New York Times columnist David Brooks offered his readers a gift, recently, when he pointed out a 2009 TED Talk by Nigerian writer Chimamanda Ngozi Adichie called “The Danger of a Single Story.” In that talk, Adichie discusses globalization, colonialism, and the mutual cross-cultural misperceptions brought about – as Brooks puts it – by what happens when complex human beings and situations are reduced to a single narrative.



For Adichie, the story of this form of tunnel vision is personal. She talks about the effects in her own life of growing up reading only books in which characters were foreign, and her youthful perception that books by their very nature had to have foreigners in them and had to be about things with which I could not personally identify. She talks about discovering African literature only later, and the way in which it saved her from having a single story of what books are.

She talks, too, about coming to college in the United States and finding herself on the receiving end of the single-story problem: a roommate who felt sorry for me even before she saw me because she had only a single story of Africa – catastrophe; and the power of a narrative that left no possibility of Africans being similar to her in any way, no possibility of feelings more complex than pity, no possibility of a connection as human equals.

The stories Adichie tells us are personal, but the problem, she says, is political. Single stories about peoples or places are tools by which those with power control how we understand and interact with those without:

Power is the ability not just to tell the story of another person, but to make it the definitive story of that person. The Palestinian poet Mourid Barghouti writes that if you want to dispossess a people, the simplest way to do it is to tell their story and to start with, “secondly.” Start the story with the arrows of the Native Americans, and not with the arrival of the British, and you have an entirely different story. Start the story with the failure of the African state, and not with the colonial creation of the African state, and you have an entirely different story.

In other words, how we frame stories – what parts we choose to tell and which we omit – is an exercise in turning complexity into simplicity. And that simplicity, often as not, comes at somebody else’s expense.

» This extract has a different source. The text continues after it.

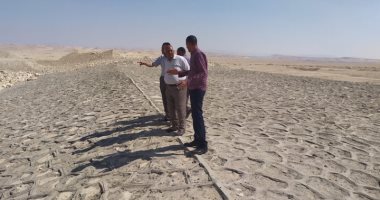 صور.. لجنة بمدينة الزينية تعاين مخرات السيول استعدادا للشتاء شمالى الأقصر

David Brooks rightly connects this idea, which he calls single storyism, to the current state of American politics. Donald Trump and Bernie Sanders are the giants of single storyism, he tells us, reducing the complexities of the American political landscape to simple narratives: the perils of the other in the case of Trump, and the tyranny of the banks for Sanders.

Both candidates, says Brooks, have gained in power by erasing those narrative threads that are messy or that don’t easily fit. And both are part of a larger political problem that’s connected to civility: that partisanship limits our ability to understand how multiple narratives about issues from the minimum wage to police brutality may simultaneously be true.

But while Brooks starts us down the right road with his use of Adichie’s TED talk, he doesn’t quite get to the larger point. Adichie tells us:

It is impossible to engage properly with a place or a person without engaging with all of the stories of that place and that person. The consequence of the single story is this: It robs people of dignity. It makes our recognition of our equal humanity difficult. It emphasizes how we are different rather than how we are similar.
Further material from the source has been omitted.